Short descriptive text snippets
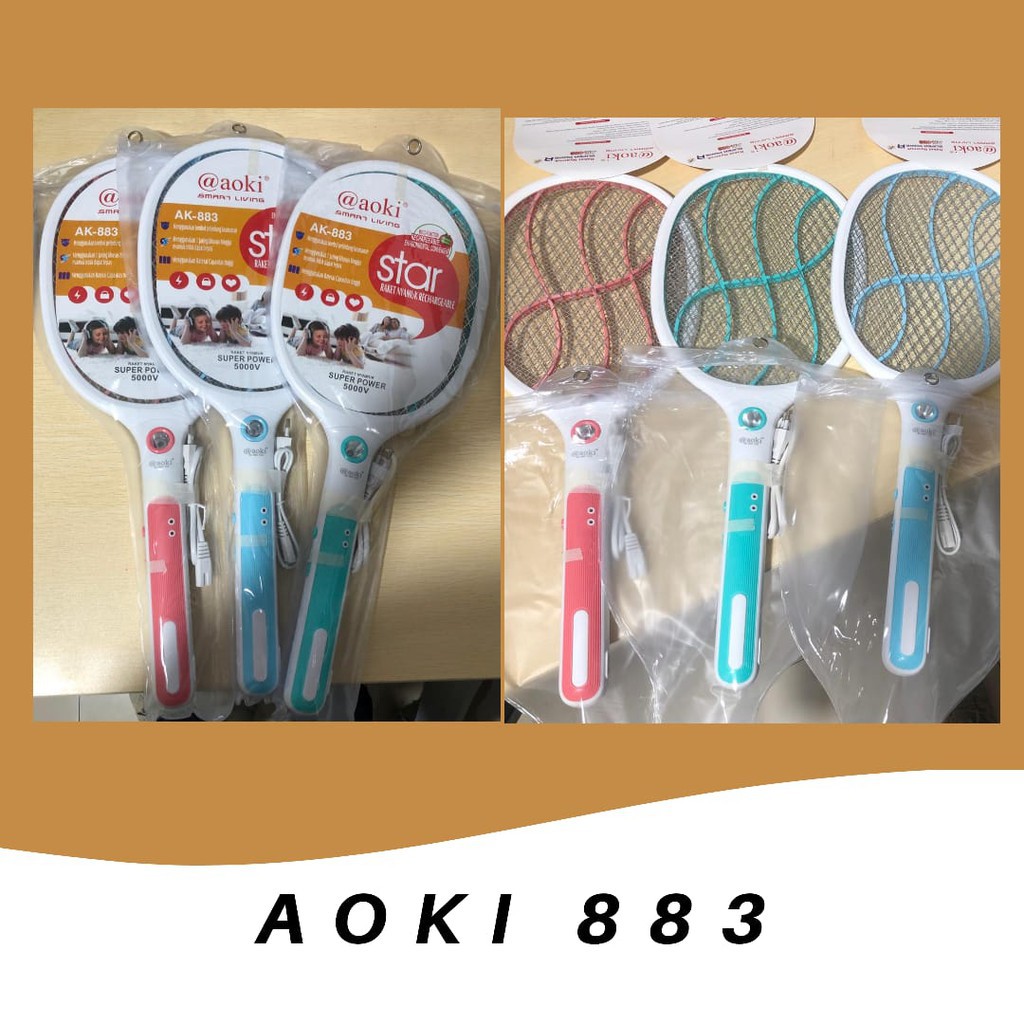 Raket Nyamuk Aoki AK 883L / Pembasmi Serangga / Raket Nyamuk Cas Rechargeable / Perangkap Nyamuk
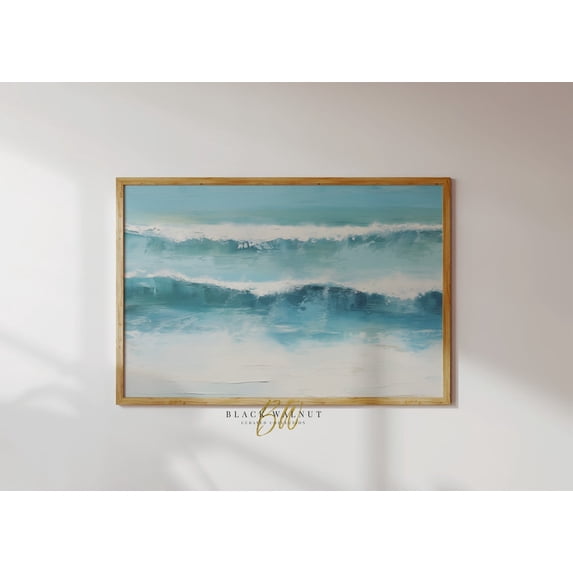 Ocean Waves Art Poster, Coastal Aesthetic, Abstract Waves, Beach House Decor, Summer, Horizontal Poster,, Size 8x12 UNFFRAMED F03.1.7l3218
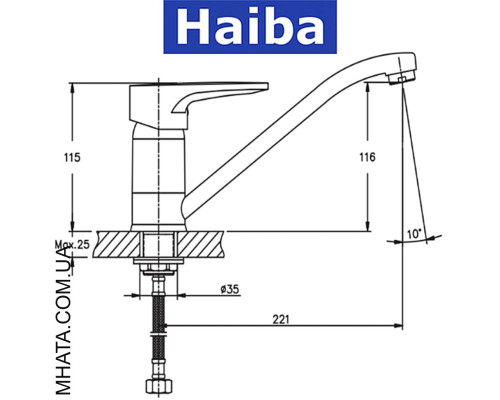 Смеситель для кухни елка на гайке HAIBA CEBA (Chr-555) 25см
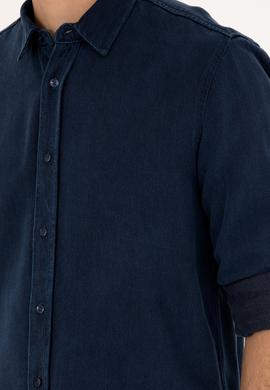 Erkek Koyu Mavi Jean Gömlek - 50281955003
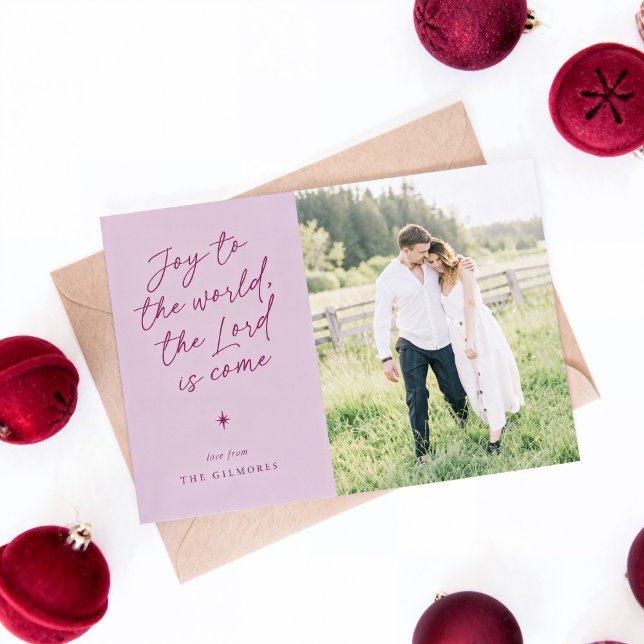 Glädje till världen Handskrift Religiös jul Julkort ("Joy to the World" handwritten Christmas photo card in pink)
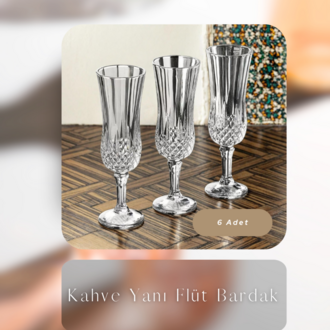 Şeffaf 6 lı Kristal Cam Flüt Bardak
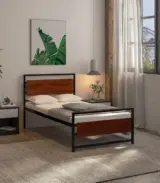 Hailri Sheesham Wood with Metal Frame Single Bed without Storage (Honey Oak Finish) - Image 2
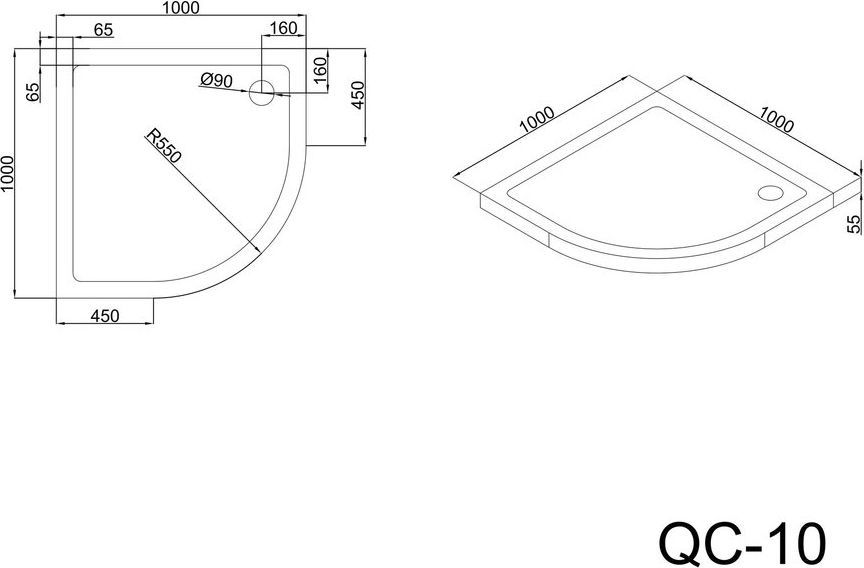 Поддон для душа Black&White Stellar Wind QC-10 10QC000 - 3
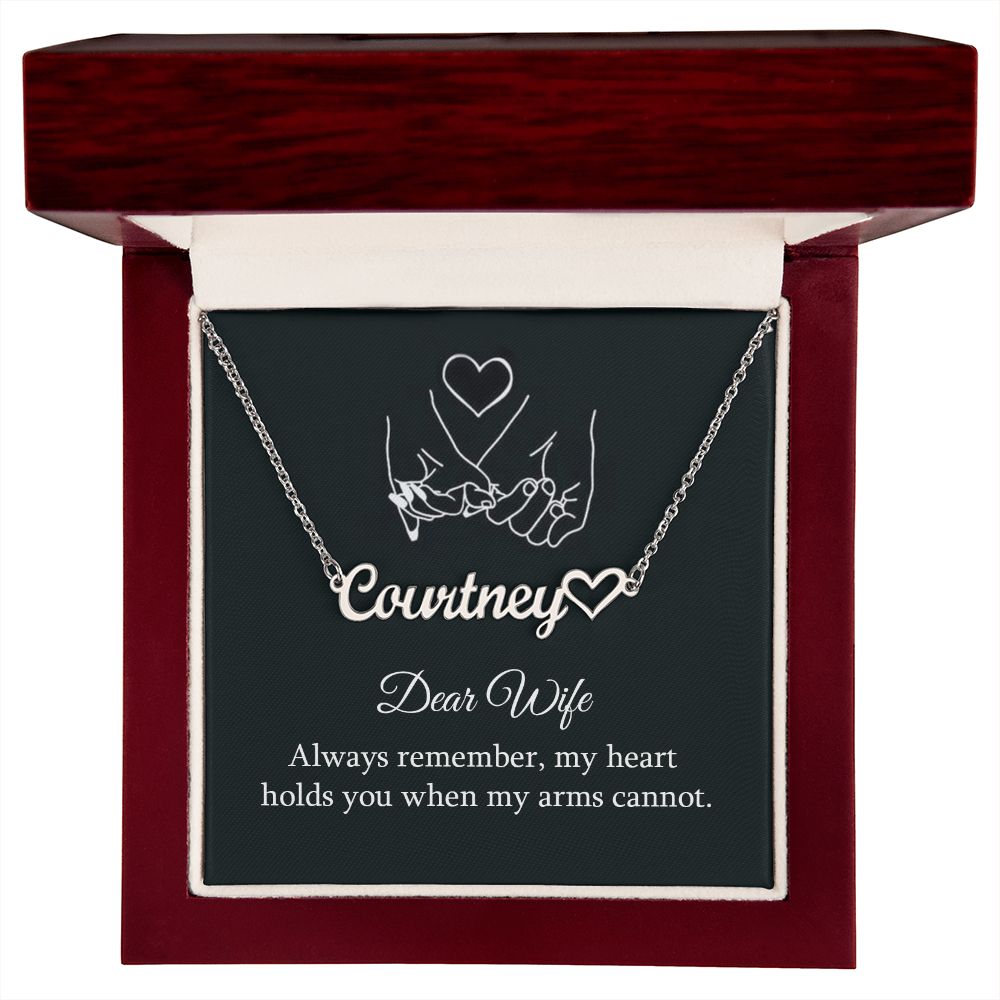 To My Wife Always Remember Name Necklace With Heart-Express Your Love Gifts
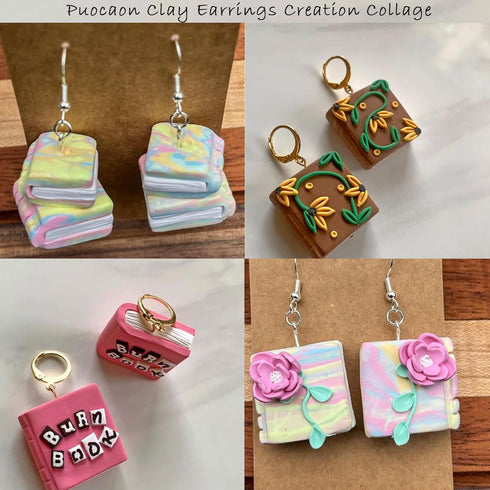 Puocaon Books Clay Cutters - 8 Pcs Polymer Clay Cutters for 3D Books Clay Earrings Jewelry Making, Back to School Book Clay Cutters for Polymer Cl...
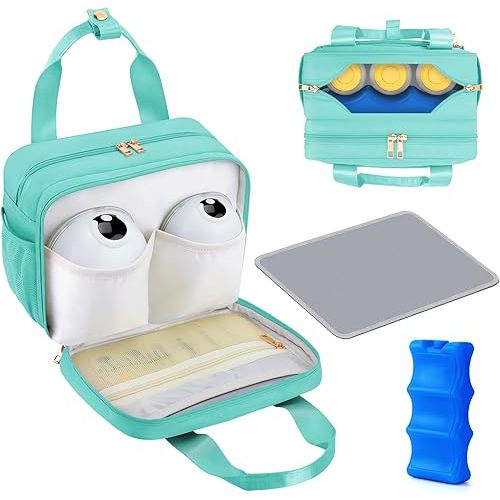 PIIOSER Breastmilk Cooler Travel Bag with Ice Pack, Compatible with Wearable Breast Pumps & Accessories - Portable Breast Pumps Carrying Case for Nursing & Working Moms (Green-Small)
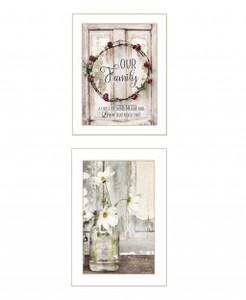 Set Of Two Our Family Blossoms 1 White Framed Print Wall Art - 606114054399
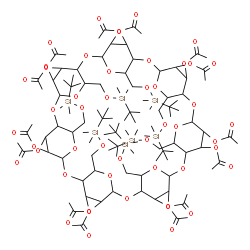 ChemSpider 2D Image | 5,10,15,20,25,30,35-Heptakis({[dimethyl(2-methyl-2-propanyl)silyl]oxy}methyl)-2,4,7,9,12,14,17,19,22,24,27,29,32,34-tetradecaoxaoctacyclo[31.2.2.2~3,6~.2~8,11~.2~13,16~.2~18,21~.2~23,26~.2~28,31~]nona
tetracontane-36,37,38,39,40,41,42,43,44,45,46,47,48,49-tetradecayl tetradecaacetate | C112H196O49Si7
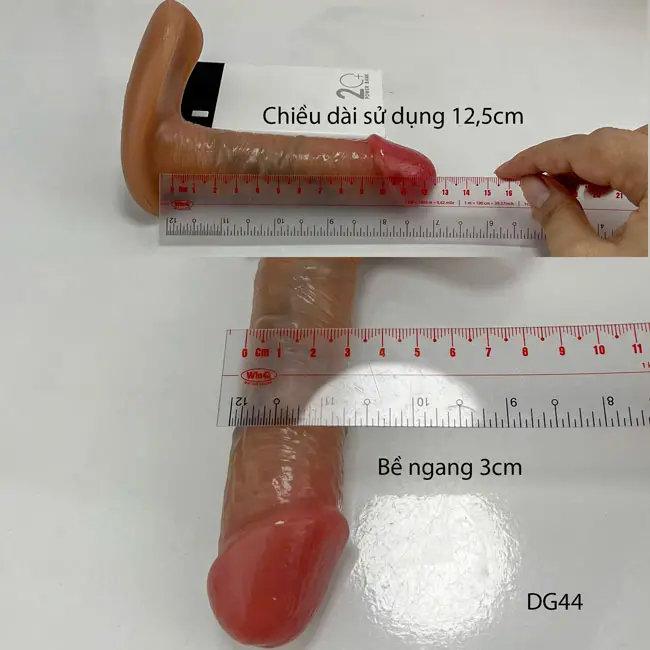 Chiều dài 15,5cm có thể cho vào trong âm đạo 12,5cm. Bề ngang 3cm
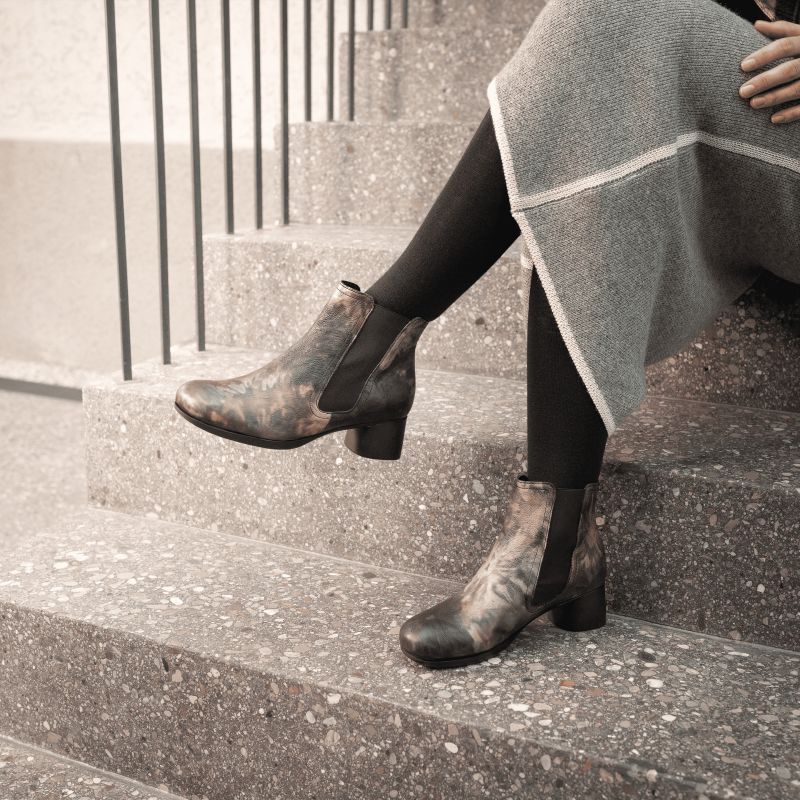 Think NANI Woman Ankle boot - Material: Leather in Multicolored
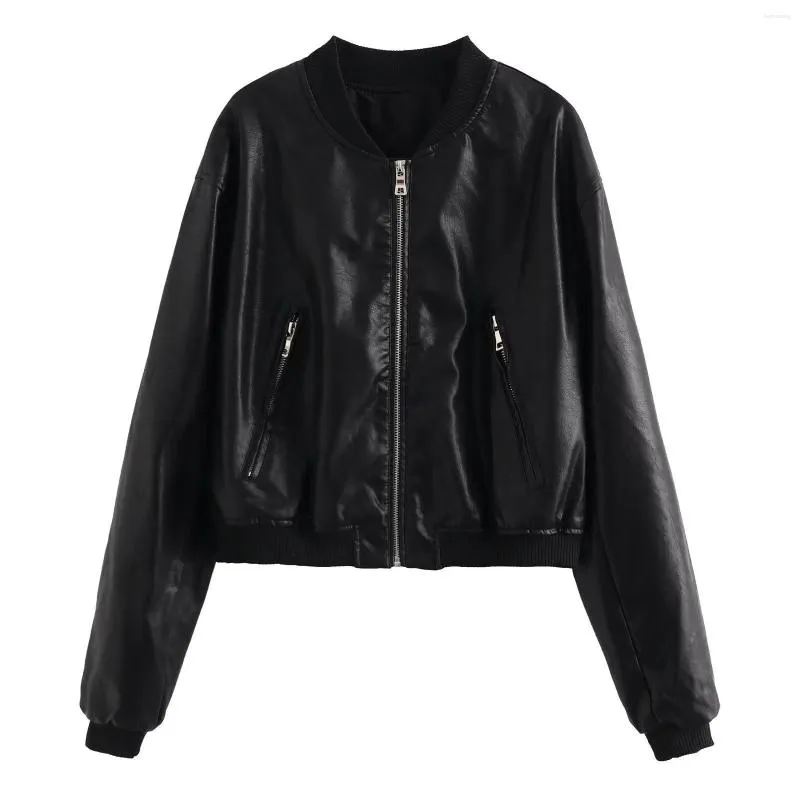 Women's Jackets 2023 Spring Vintage Women Loose Leather Jacket Stand Collar Zipper Chic Short Coat Lady Locomotive Style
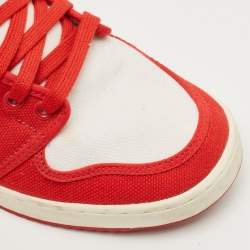 Pre Owned Air Jordans Multicolor Canvas and Leather Jordan 1 Retro AJKO Chicago Sneakers Size 43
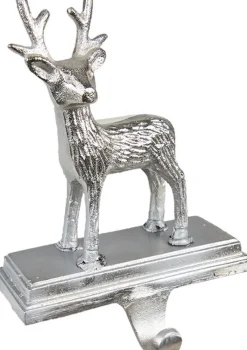 Trendybywave Kerstsokken>Set Van 2 X Haak Kerstsok Rendier 21 Cm Zilverkleurig Aluminium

## Description of the task
The data above must be given again in full and unaltered, minus its images.

## Solution to this exercise
 Raket Nyamuk Aoki AK 883L / Pembasmi Serangga / Raket Nyamuk Cas Rechargeable / Perangkap Nyamuk
 Ocean Waves Art Poster, Coastal Aesthetic, Abstract Waves, Beach House Decor, Summer, Horizontal Poster,, Size 8x12 UNFFRAMED F03.1.7l3218
 Смеситель для кухни елка на гайке HAIBA CEBA (Chr-555) 25см
 Erkek Koyu Mavi Jean Gömlek - 50281955003
 Glädje till världen Handskrift Religiös jul Julkort ("Joy to the World" handwritten Christmas photo card in pink)
 Şeffaf 6 lı Kristal Cam Flüt Bardak
 Hailri Sheesham Wood with Metal Frame Single Bed without Storage (Honey Oak Finish) - Image 2
 Поддон для душа Black&White Stellar Wind QC-10 10QC000 - 3
 To My Wife Always Remember Name Necklace With Heart-Express Your Love Gifts
 Puocaon Books Clay Cutters - 8 Pcs Polymer Clay Cutters for 3D Books Clay Earrings Jewelry Making, Back to School Book Clay Cutters for Polymer Cl...
 PIIOSER Breastmilk Cooler Travel Bag with Ice Pack, Compatible with Wearable Breast Pumps & Accessories - Portable Breast Pumps Carrying Case for Nursing & Working Moms (Green-Small)
 Set Of Two Our Family Blossoms 1 White Framed Print Wall Art - 606114054399
 ChemSpider 2D Image | 5,10,15,20,25,30,35-Heptakis({[dimethyl(2-methyl-2-propanyl)silyl]oxy}methyl)-2,4,7,9,12,14,17,19,22,24,27,29,32,34-tetradecaoxaoctacyclo[31.2.2.2~3,6~.2~8,11~.2~13,16~.2~18,21~.2~23,26~.2~28,31~]nona
tetracontane-36,37,38,39,40,41,42,43,44,45,46,47,48,49-tetradecayl tetradecaacetate | C112H196O49Si7
 Chiều dài 15,5cm có thể cho vào trong âm đạo 12,5cm. Bề ngang 3cm
 Think NANI Woman Ankle boot - Material: Leather in Multicolored
 Women's Jackets 2023 Spring Vintage Women Loose Leather Jacket Stand Collar Zipper Chic Short Coat Lady Locomotive Style
 Pre Owned Air Jordans Multicolor Canvas and Leather Jordan 1 Retro AJKO Chicago Sneakers Size 43
 Trendybywave Kerstsokken>Set Van 2 X Haak Kerstsok Rendier 21 Cm Zilverkleurig Aluminium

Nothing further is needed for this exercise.